Exercise brief: Here is a set of records. Copy them all exactly.

_ _ _ _ _ _ _

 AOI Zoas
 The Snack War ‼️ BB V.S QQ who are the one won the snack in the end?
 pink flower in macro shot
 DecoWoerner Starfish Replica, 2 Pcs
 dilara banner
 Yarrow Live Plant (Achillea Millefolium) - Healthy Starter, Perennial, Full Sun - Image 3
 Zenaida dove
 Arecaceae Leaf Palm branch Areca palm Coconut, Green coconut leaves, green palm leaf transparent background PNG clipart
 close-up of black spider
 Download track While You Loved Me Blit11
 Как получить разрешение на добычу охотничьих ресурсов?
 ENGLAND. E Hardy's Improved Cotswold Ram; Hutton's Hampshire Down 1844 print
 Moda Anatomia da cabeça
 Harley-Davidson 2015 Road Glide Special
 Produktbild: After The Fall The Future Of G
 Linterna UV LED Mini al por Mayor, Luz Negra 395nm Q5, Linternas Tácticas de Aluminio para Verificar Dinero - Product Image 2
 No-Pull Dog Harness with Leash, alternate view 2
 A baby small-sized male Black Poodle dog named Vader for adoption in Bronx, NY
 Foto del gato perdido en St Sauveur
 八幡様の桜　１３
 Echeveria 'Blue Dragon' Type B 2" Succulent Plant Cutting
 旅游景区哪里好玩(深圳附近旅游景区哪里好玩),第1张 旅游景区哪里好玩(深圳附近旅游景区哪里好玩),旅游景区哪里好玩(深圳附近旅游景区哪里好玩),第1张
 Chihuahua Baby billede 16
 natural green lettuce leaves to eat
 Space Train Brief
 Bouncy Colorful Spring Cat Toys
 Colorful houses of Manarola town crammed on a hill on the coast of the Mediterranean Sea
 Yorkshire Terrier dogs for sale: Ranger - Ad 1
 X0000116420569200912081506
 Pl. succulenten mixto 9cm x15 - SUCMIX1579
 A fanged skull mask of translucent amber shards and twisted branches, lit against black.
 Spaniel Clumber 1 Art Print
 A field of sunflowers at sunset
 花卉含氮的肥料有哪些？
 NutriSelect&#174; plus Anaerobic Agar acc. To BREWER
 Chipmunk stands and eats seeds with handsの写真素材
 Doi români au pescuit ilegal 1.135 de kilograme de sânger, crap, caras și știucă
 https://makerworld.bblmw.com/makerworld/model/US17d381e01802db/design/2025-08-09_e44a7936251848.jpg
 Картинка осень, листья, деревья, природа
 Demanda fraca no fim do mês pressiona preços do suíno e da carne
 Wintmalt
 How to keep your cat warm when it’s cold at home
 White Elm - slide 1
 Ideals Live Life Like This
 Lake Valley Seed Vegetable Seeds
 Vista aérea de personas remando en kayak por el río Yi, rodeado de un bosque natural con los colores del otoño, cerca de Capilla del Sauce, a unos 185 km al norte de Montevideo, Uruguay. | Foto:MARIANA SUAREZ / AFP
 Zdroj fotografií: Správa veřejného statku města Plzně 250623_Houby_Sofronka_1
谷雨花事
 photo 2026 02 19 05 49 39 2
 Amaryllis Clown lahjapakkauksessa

_ _ _ _ _ _ _

Response for this exercise:
 AOI Zoas
 The Snack War ‼️ BB V.S QQ who are the one won the snack in the end?
 pink flower in macro shot
 DecoWoerner Starfish Replica, 2 Pcs
 dilara banner
 Yarrow Live Plant (Achillea Millefolium) - Healthy Starter, Perennial, Full Sun - Image 3
 Zenaida dove
 Arecaceae Leaf Palm branch Areca palm Coconut, Green coconut leaves, green palm leaf transparent background PNG clipart
 close-up of black spider
 Download track While You Loved Me Blit11
 Как получить разрешение на добычу охотничьих ресурсов?
 ENGLAND. E Hardy's Improved Cotswold Ram; Hutton's Hampshire Down 1844 print
 Moda Anatomia da cabeça
 Harley-Davidson 2015 Road Glide Special
 Produktbild: After The Fall The Future Of G
 Linterna UV LED Mini al por Mayor, Luz Negra 395nm Q5, Linternas Tácticas de Aluminio para Verificar Dinero - Product Image 2
 No-Pull Dog Harness with Leash, alternate view 2
 A baby small-sized male Black Poodle dog named Vader for adoption in Bronx, NY
 Foto del gato perdido en St Sauveur
 八幡様の桜　１３
 Echeveria 'Blue Dragon' Type B 2" Succulent Plant Cutting
 旅游景区哪里好玩(深圳附近旅游景区哪里好玩),第1张 旅游景区哪里好玩(深圳附近旅游景区哪里好玩),旅游景区哪里好玩(深圳附近旅游景区哪里好玩),第1张
 Chihuahua Baby billede 16
 natural green lettuce leaves to eat
 Space Train Brief
 Bouncy Colorful Spring Cat Toys
 Colorful houses of Manarola town crammed on a hill on the coast of the Mediterranean Sea
 Yorkshire Terrier dogs for sale: Ranger - Ad 1
 X0000116420569200912081506
 Pl. succulenten mixto 9cm x15 - SUCMIX1579
 A fanged skull mask of translucent amber shards and twisted branches, lit against black.
 Spaniel Clumber 1 Art Print
 A field of sunflowers at sunset
 花卉含氮的肥料有哪些？
 NutriSelect&#174; plus Anaerobic Agar acc. To BREWER
 Chipmunk stands and eats seeds with handsの写真素材
 Doi români au pescuit ilegal 1.135 de kilograme de sânger, crap, caras și știucă
 https://makerworld.bblmw.com/makerworld/model/US17d381e01802db/design/2025-08-09_e44a7936251848.jpg
 Картинка осень, листья, деревья, природа
 Demanda fraca no fim do mês pressiona preços do suíno e da carne
 Wintmalt
 How to keep your cat warm when it’s cold at home
 White Elm - slide 1
 Ideals Live Life Like This
 Lake Valley Seed Vegetable Seeds
 Vista aérea de personas remando en kayak por el río Yi, rodeado de un bosque natural con los colores del otoño, cerca de Capilla del Sauce, a unos 185 km al norte de Montevideo, Uruguay. | Foto:MARIANA SUAREZ / AFP
 Zdroj fotografií: Správa veřejného statku města Plzně 250623_Houby_Sofronka_1
谷雨花事
 photo 2026 02 19 05 49 39 2
 Amaryllis Clown lahjapakkauksessa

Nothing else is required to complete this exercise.